In simple words, professionalism means the skill, good judgement and polite behavior expected from a trained person in order to do the job well, namely good conduct. The importance of professionalism is highly advocated in medical education and was first introduced to medical students in the United States [1,2]. Nevertheless, the actual definition and meaning of professionalism is yet to be clarified on a broader perspective [3-6]. In a nutshell, professionalism in doctors requires putting the interest of patients before their own. It is important for doctors to strike a proper balance between adopting science and technology skills and mastering the “Art of Healing”. As we live in an ever evolving, interactive society, training in social sciences and humanities, is very essential to uplift the spirit of teamwork for the overall betterment of patients. In many countries, teaching professionalism to medical students, also demand’s attention to traditional cultural and spiritual aspects, which are deeply embedded in students at the time of their enrollment into medical school. When designing and introducing professionalism courses into the medical curriculum, the content, timing and frequency of lectures, seminars and workshops need to be well integrated, to create a positive impact on the professional attitude of fresh medical graduates and create a new generation of highly intellectual, skillful and humanitarian doctors. Presently, many medical and dental schools around the world are adopting various methods of introducing professionalism into the curriculum, through lectures, student generated videos, and determining the students’ experiences and views on professionalism through questionnaires, web-based surveys, generating qualitative and quantitative analysis, and promoting professionalism, proactively [7-13].

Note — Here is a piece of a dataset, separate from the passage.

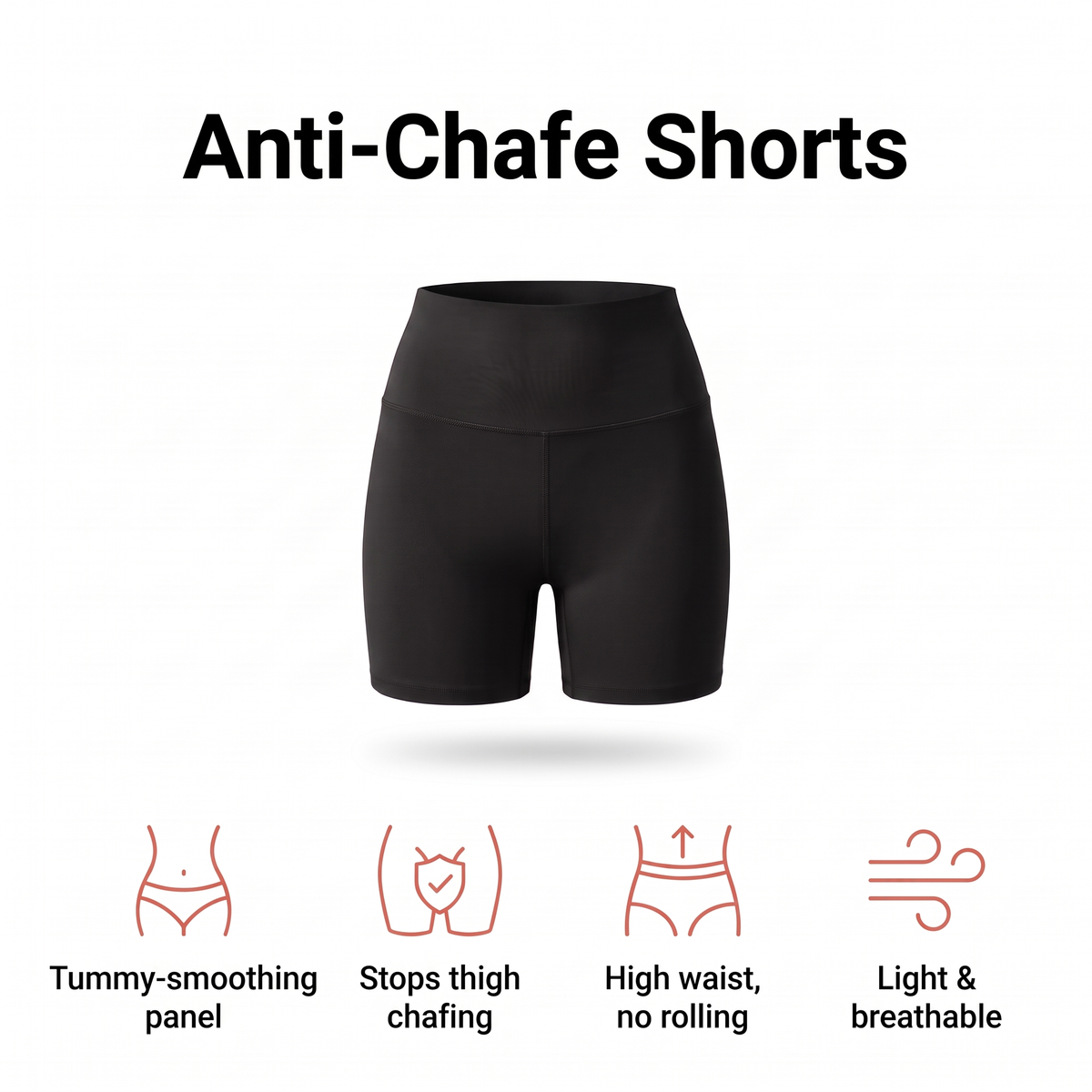 High-waist anti-chafe sculpting shorts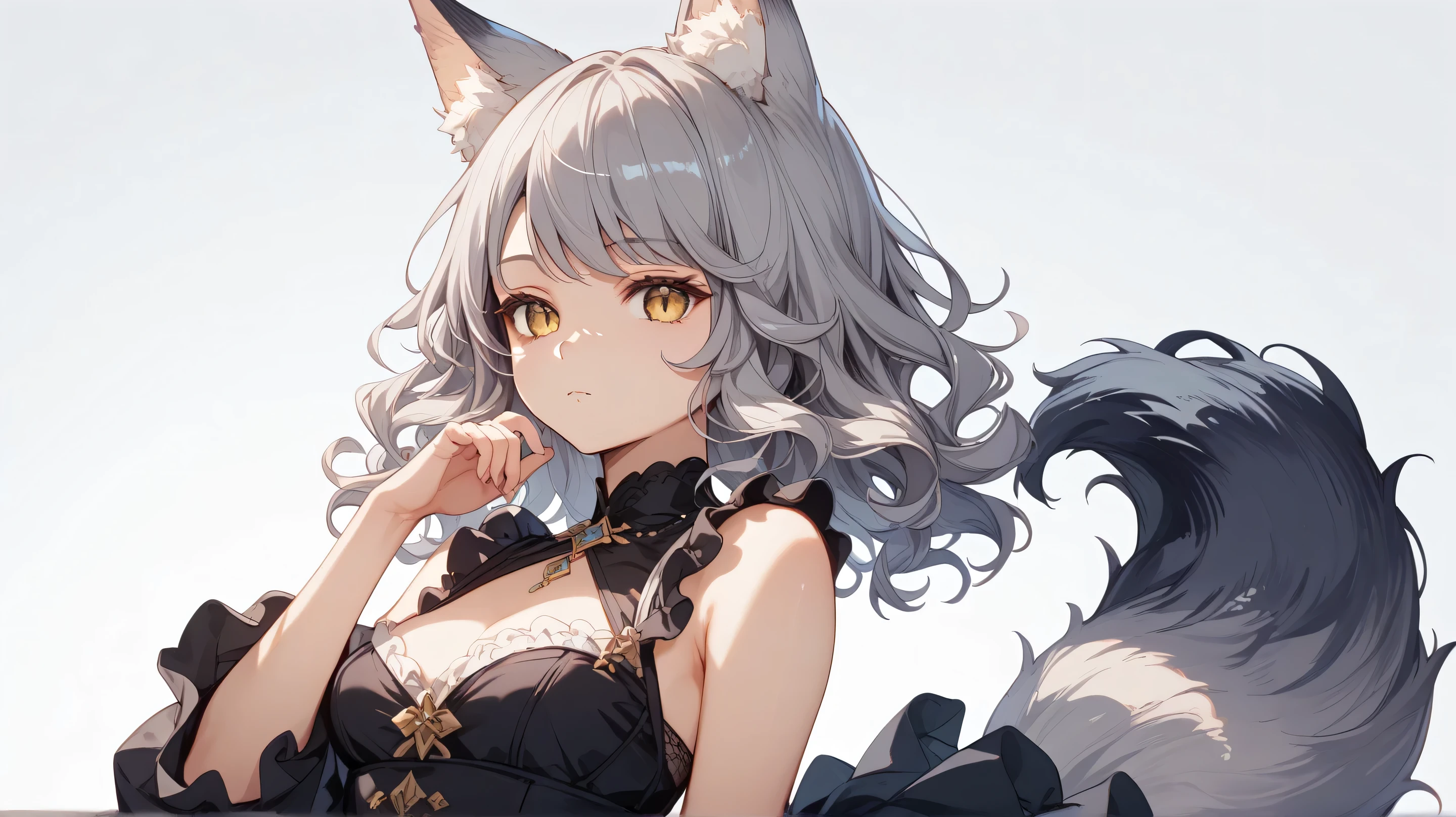 anime girl with cat ears and a black dress, cute anime catgirl, attractive cat girl, anime girl with cat ears, anime catgirl, beautiful anime catgirl, beautiful young catgirl, very beautiful anime cat girl, white cat girl, catgirl, girl with cat ears, cat girl, anime visual of a cute cat, neferpitou, anime cat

Japan is a highly developed nation which is extremely advanced in technology and has ample resources to educate their medical students with State of the Art, medical training. From the Japanese patient’s point of view, being offered universal healthcare seems to be the answer to all their health problems, in comparison to developing nations which are medically under staffed, ill-funded, and still struggling to meet the demands of ailing patients. However, with the silvering of Japan a demographic shift is taking place with a sharp increase in elderly patients. Such a situation will require generalists and specialists to be highly apt in professionalism, in order to attend to patients, who need less medical interventions and a greater degree of compassion. In addition, with its ageing and declining population, the globalization of Japan is now in fast forward mode, with the influx of foreign students, foreign employees, and their families, rising sharply since the last decade, particularly from Asian countries. As is already known, the “art of healing” in many Asian cultures does not rely solely upon sophisticated technology or advanced medical treatments. The importance of spiritual beliefs, family decisions and diverse healthcare approaches, play a big role in patient compliance. Therefore, in order to cater to the needs of foreign patients with deep cultural roots, and also work in harmony with foreign medical professionals, the face of Japanese medicine and medical education, needs thorough revision. Thus, future Japanese doctors will be required to have knowledge and understanding of various cultures and religion, and develop attitudes of openness, acceptance and respect, to deal with foreign nationals, in addition to clinical skills. Introducing professionalism training courses in the medical curriculum from early years, can create future role models of physicians, with a concrete understanding of professionalism and a diverse, global approach to medicine.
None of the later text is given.